SCSE research team creates new research technology – Pluralistic Image Completion

This technology enables partially erased images to be automatically completed, or “inpainted”, with not only one but multiple different plausible solutions.

An SCSE research team, comprising PhD student Zheng Chuanxia and professors Cham Tat Jen and Cai Jianfei, has created a new research technology, called Pluralistic Image Completion. This technology enables partially erased images to be automatically completed, or “inpainted”, with not only one but multiple different plausible solutions. These new images appear real and visually seamless, but are in fact synthesised from scratch and do not exist in reality.

In the software implementation, a user selects or provides an input image, and further erases various parts of this image. The system then automatically synthesises new content to fill in the erased parts, in a manner such that the remaining visible parts and the newly generated imagery blend seamlessly. Most significantly, by repeated sampling the system is able to create a wide range of very different, yet visually plausible, imagery for the same partially erased image, which contrasts to previous methods where only one realistic image can be generated, or with very limited variation. In the team’s case, the greater the area of the image that has been erased, the greater the variety in the visually realistic content that can be generated.

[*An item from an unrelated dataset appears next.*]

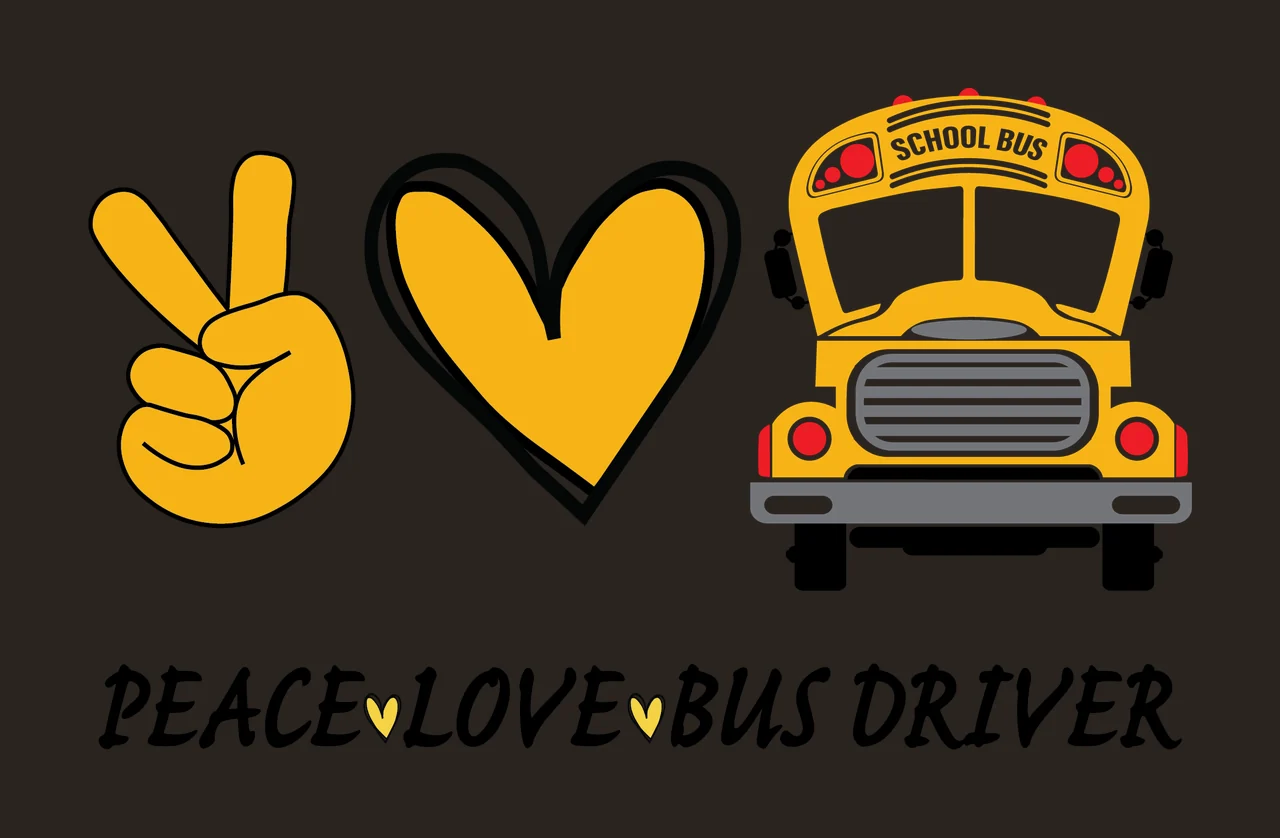 School Bus Peace Black Emblem driving sign heart graphic white contrast preview thumbnail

The potential uses for such a system include removing unwanted large artefacts in a photo, or changing facial expressions or identities of people in an image, or varying the landscapes of both urban and natural scenes. The large variety in realistic synthesised images further allows users to choose the most appropriate image to be used for their purposes, rather than be restricted to a single output from the system.

The technology is based on important and mathematically principled innovations in deep learning-based methods, and will be presented at the prestigious Conference on Computer Vision and Pattern Recognition (CVPR) in June 2019. This work is supported in part by the NRF-funded BeingTogether Centre in NTU.